Lazy rascals, spending their substance, and more, in riotous living

Finches and cyborgs

charles_darwin I was reading Donna Haraway’s Simians, Cyborgs, and Women today; I’ve read her Cyborg Manifesto before, but not the rest of the book, which, it turns out, is absolutely fantastic. The much more detailed engagement with the recent history of science is extremely useful, particularly her discussion of the shift in epistemes in biology from a pre-war approach based on engineering, to a post-war approach based on cybernetics and information theory. I find the idea of cybernetics as the post-war episteme particularly interesting because of the vital but frequently occluded importance of cybernetics to the development of political science as an independent discipline in the 50s and 60s. Where else might we find this cybernetic grid of concepts? And, are we still living in a cybernetic era? Haraway suggests that the feedback systems of cybernetics have been replaced by the strategic decision making of game theory.

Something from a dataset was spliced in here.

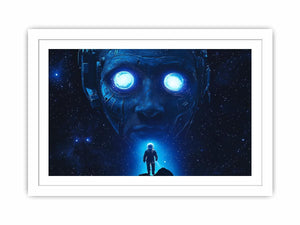Futuristic sci fi astronaut canvas art with glowing robot face for office wall decor.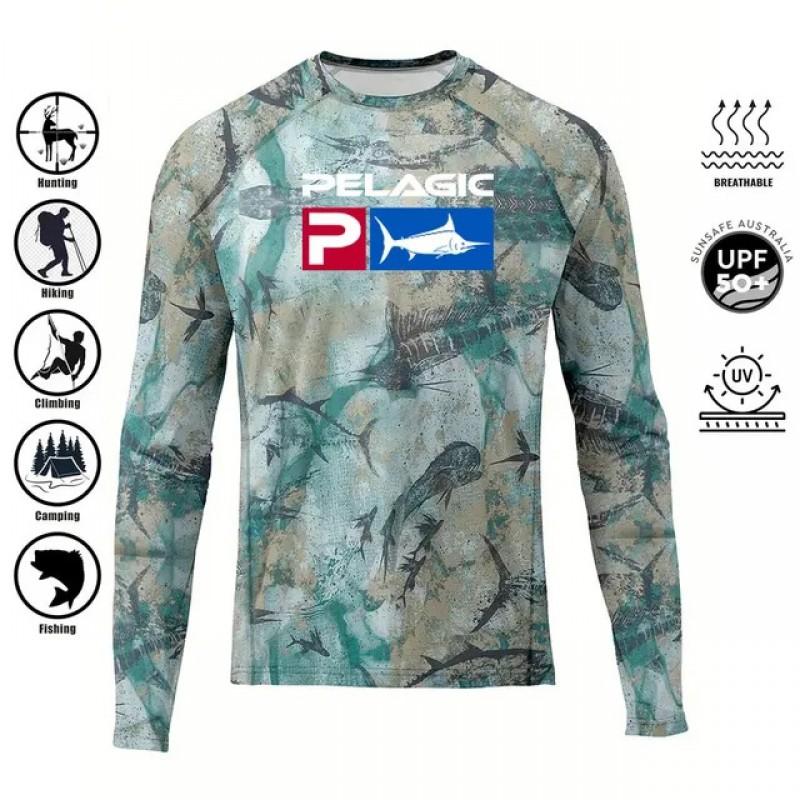 Mens Quick-Dry UV Protection Fishing Shirt Long Sleeve Outdoor Performance Top Summer Sports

On the Galapagos Islands, Darwin discovered 14 different species of finch This discussion of the relationship between biology and capitalist ideology reminded me of the Natural History Museum’s Darwin exhibition, which I went to see in London over Christmas. While the connection between Darwinian evolution and a Malthusian economy of scarcity and competition is often remarked on and fairly obvious, there are other ways of construing the capitalist economy that also have interesting parallels with Darwin’s understanding of evolution. What struck me at the Darwin exhibition was the importance of abundance. What caused Darwin to look for an alternative to a religious account of creation was the huge number of subtly different species he encounted. This struck him as excessive: why would God have created so many species? Doubtless one reason this occurred is because a 19th century scientist was in a position, unlike most people throughout history, had the opportunity to travel the world and see a greater variety of animals than would usually be seen. But I wonder, too, if Darwin’s ability to see the excessive creativity of biology wasn’t also due to the unprecedented productivity of industrial capitalism.